Southwarth and Hawes: Daguerreotypes and Young America
On a slightly different note from most of my postings: My wife and I finally went to see--on its closing day, January 8--the George Eastman House's display of early photographic daguerreotypes by Southwarth and Hawes, a pair of studio photographers who ran one of Boston's most prominent studios in the mid-19th century. Daguerreotypes were early types of photographs, first developed in 1839, that, in contrast to later chemical processes, left no negative:
- Instead, it is an image exposed directly onto a mirror-polished surface of silver, which has first been exposed to iodine vapour, or in the later use of the process, bromine vapour, housed in a velvet-lined folding case. While the daguerreotype was not the first photographic process to be developed, images of earlier processes required hours of exposure. The daguerreotype photographic process was one of the first to permanently record and affix an image with exposure time compatible with portrait photography, and became the first commercially used photographic process.
So while the daguerreotype process was a key advance--perhaps the key advance--in early photography, they're pretty rare today, with most of these early examples lost to history. That's why this exhibition was so special. Titled Young America: The Daguerreotypes of Southworth & Hawes, the exhibition, which debuted at the International Center of Photography (ICP) in New York City last June, shows how Southwarth and Hawes
- took artistic portraiture to a new level beyond common commercial photography. In service of an elite and famous clientele, they worked with large 8x6-inch plate sizes, technically more challenging but aesthetically more beautiful. As their unique daguerreotypes attest, Southworth & Hawes focused lavish attention on national and international celebrities who traveled to their Boston studio, capturing likenesses in picturesque fashion.
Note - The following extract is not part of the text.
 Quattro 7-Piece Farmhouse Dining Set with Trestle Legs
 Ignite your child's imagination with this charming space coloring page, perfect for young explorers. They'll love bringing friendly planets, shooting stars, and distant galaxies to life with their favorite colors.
The startling fact that Southworth & Hawes retained copies of most of their works, rather than wiping clean old images and reusing their silver plates, makes this collection even more exceptional. There were many fascinating portraits of major figures of the early American Republic, including "statesman Daniel Webster and literary figures Henry Wadsworth Longfellow and Harriet Beecher Stowe;" but I found equally fascinating the images of ordinary men and women, boys and girls, most of whose names have been lost to history 150 years on. And the daguerreotype stereoviews were pretty amazing too! (See also the permanent exhibition website here.)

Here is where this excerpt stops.